[Jen Young] 2022-10-13T07:00:00Z
Comparing my garden to my neighbor’s… don’t do this!
This year’s gardening projects kinda felt like a failure. I looked two houses down and my friend’s sunflowers were taller than her house. Mine never grew. Her pepper plants were as wide and tall as I am tall, full of peppers. Ours are paltry in comparison. Her other gardening space was overflowing with luscious looking gourds, peas, greens… so many things.
And my yard… well my tomato project is relatively successful. I planted numerous varieties, and have about a dozen clear varieties growing. About half of which are tasty, produced well, didn’t get demolished by all the Japanese beetles, and weren’t overcome with blossom end rot or egregious cracking. One variety is incredibly prolific, Red Currant Cherry, but is so annoying to harvest because they’re all the size of peas. (If anyone wants some of this seed, tell me. Otherwise, it’s not getting saved.) My black cherry tomatoes were also prolific, taste better, and look better. Win.
I had about 5 corn plants out of… maybe 50? actually grow and produce something. Mind you, I’m not the kind of gardener who prepares the beds and does all the nice things for the plants. There’s a sunny, west hillside by my house that I planted a bunch of it in between old, patchy grass, ragweed, and pokeberry. Trimmed down around it a few times, but it had to get tall enough for me to see amidst its grassy friends before I hacked away. Of the five corn plants, maybe 2 got bigger than two feet tall. Sad. I look over at the corn my friend planted in the garden area next to my yard and hers are over 8ft tall. /sigh. Was feeling pretty meh about it all.
But then on the call yesterday when Joseph mentioned that it took him years to get viable seed from a project… well, dang. That was actually encouraging. My corn looks deformed and not very palatable, but it actually made seed in the first year with so few inputs - I soaked it, I planted it, I chopped down the weeds once or twice… a different neighbor “mowed it for me” when it was all first starting growing… - but otherwise, it struggled itself into existence.

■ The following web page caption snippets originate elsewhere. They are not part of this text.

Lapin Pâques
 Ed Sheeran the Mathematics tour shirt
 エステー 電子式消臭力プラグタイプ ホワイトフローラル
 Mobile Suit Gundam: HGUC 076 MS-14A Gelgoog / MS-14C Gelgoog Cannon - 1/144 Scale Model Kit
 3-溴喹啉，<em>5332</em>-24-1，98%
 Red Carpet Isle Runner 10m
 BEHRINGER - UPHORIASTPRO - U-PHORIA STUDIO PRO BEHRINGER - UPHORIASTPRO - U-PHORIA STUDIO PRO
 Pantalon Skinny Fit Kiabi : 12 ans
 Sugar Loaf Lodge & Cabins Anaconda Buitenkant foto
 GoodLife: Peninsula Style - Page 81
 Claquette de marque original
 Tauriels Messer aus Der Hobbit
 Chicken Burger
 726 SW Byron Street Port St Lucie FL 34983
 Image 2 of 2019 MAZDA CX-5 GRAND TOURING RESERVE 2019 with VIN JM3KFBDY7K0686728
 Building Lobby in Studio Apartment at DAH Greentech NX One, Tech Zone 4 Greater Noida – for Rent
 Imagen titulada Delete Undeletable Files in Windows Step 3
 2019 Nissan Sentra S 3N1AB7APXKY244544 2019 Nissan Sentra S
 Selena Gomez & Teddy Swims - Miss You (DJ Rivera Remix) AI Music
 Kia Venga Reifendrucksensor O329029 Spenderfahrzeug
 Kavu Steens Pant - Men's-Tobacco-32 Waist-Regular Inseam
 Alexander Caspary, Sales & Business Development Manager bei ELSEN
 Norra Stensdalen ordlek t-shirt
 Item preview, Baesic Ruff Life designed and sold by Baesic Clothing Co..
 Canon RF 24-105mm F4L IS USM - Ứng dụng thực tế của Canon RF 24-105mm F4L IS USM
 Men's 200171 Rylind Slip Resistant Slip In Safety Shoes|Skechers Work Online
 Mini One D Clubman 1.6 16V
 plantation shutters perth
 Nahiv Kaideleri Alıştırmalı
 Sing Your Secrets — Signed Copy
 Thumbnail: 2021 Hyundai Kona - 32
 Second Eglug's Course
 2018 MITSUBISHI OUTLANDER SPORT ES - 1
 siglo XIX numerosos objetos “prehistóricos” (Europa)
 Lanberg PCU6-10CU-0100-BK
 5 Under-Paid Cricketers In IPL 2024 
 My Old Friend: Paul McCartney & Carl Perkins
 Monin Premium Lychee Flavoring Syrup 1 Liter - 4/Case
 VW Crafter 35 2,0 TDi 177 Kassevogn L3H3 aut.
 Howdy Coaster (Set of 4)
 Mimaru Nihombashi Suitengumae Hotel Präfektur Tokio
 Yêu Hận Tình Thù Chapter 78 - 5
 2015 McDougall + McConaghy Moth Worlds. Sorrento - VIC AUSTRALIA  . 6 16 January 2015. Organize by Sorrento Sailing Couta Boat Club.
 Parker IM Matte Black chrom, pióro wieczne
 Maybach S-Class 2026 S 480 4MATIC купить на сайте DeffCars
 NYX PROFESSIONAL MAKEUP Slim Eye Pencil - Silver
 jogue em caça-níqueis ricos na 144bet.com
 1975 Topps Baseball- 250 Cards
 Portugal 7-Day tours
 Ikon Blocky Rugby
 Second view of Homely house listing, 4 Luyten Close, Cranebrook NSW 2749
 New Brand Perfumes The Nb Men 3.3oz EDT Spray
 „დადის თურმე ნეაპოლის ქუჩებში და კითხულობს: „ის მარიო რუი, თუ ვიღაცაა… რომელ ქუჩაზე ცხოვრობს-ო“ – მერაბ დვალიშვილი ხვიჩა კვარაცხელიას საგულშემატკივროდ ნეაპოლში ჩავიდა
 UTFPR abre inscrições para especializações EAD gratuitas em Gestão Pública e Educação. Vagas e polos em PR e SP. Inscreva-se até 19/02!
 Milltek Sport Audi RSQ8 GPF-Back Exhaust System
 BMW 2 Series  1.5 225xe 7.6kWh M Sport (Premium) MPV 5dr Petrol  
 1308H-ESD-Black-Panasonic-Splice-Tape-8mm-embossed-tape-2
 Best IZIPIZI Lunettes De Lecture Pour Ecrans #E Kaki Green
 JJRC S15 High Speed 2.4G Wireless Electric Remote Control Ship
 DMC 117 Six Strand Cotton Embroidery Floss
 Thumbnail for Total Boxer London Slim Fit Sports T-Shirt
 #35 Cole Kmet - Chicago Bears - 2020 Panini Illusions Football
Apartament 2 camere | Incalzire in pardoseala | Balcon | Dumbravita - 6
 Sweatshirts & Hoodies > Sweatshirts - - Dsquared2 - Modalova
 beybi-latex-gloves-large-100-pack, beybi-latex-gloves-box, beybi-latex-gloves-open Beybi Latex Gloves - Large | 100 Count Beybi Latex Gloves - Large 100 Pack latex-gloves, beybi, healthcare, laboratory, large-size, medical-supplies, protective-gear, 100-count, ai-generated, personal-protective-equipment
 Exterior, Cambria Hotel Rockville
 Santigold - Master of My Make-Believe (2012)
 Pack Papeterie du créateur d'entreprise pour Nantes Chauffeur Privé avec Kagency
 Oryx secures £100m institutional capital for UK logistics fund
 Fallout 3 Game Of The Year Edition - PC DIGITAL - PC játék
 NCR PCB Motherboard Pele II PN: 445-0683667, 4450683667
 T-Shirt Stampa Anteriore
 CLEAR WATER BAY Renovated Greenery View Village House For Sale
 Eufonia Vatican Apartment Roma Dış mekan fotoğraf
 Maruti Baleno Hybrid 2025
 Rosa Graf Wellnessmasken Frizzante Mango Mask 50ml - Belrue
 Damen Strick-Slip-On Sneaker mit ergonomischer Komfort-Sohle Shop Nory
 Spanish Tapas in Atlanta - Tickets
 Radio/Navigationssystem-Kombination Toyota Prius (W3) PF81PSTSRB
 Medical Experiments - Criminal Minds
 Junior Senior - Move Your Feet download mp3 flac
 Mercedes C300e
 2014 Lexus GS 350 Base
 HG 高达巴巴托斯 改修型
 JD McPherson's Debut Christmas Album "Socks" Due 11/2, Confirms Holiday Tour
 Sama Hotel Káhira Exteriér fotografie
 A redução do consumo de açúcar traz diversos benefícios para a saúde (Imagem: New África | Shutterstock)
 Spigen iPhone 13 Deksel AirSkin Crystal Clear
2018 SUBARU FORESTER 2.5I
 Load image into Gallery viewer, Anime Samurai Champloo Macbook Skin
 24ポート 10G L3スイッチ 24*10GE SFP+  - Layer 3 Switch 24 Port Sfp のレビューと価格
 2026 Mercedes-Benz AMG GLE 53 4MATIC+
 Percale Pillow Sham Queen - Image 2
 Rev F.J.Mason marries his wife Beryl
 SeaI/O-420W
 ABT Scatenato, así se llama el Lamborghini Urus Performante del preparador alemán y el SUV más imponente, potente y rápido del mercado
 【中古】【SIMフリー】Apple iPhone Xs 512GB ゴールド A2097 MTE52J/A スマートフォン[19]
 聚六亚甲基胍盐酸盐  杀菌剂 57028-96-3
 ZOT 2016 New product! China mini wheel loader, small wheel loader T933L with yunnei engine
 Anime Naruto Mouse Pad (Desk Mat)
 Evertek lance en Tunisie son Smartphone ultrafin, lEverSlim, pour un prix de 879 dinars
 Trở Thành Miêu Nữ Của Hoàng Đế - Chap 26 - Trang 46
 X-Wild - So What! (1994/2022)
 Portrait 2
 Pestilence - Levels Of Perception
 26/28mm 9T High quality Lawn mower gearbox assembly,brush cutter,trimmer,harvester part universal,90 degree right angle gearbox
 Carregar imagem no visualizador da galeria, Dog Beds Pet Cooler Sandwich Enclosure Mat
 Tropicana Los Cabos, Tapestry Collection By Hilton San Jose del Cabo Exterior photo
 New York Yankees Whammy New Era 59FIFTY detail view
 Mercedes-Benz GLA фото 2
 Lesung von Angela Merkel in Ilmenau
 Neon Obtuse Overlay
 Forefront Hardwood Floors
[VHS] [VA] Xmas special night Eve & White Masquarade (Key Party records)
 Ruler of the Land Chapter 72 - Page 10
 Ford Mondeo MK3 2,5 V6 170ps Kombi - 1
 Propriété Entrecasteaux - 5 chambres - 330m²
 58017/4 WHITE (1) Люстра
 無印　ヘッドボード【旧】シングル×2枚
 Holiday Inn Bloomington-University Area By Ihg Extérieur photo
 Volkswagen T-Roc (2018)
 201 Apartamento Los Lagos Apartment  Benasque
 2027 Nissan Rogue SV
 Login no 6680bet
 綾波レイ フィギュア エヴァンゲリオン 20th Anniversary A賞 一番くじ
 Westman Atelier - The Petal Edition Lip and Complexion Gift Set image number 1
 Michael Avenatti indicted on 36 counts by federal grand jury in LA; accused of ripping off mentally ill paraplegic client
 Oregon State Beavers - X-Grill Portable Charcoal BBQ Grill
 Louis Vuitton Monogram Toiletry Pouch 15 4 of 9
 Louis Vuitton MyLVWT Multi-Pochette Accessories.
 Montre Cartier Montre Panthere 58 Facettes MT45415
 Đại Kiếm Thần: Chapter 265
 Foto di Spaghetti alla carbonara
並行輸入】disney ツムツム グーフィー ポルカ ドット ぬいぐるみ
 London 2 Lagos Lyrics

My neighbor down the street? She piles on lots of compost, manure, tends it daily, traps bugs, fights off wood chucks, waters it regularly… lots of inputs. And she has a beautiful garden for it! But it’s comparing two completely different styles of gardening (and intentions for the result) and expecting the same outcome, which isn’t realistic and sets myself up for disappointment in the now. I have to remind myself I’m growing for the long term - years from now when I can plant seeds and let them do their thing without me fussing over them. I may not have reached my #lifegoal of producing 90% of my own produce this year, but there’s still a lot of life left to achieve that one.
Our Bloody Butcher harvest…
Our bean harvest can feed the whole village all winter!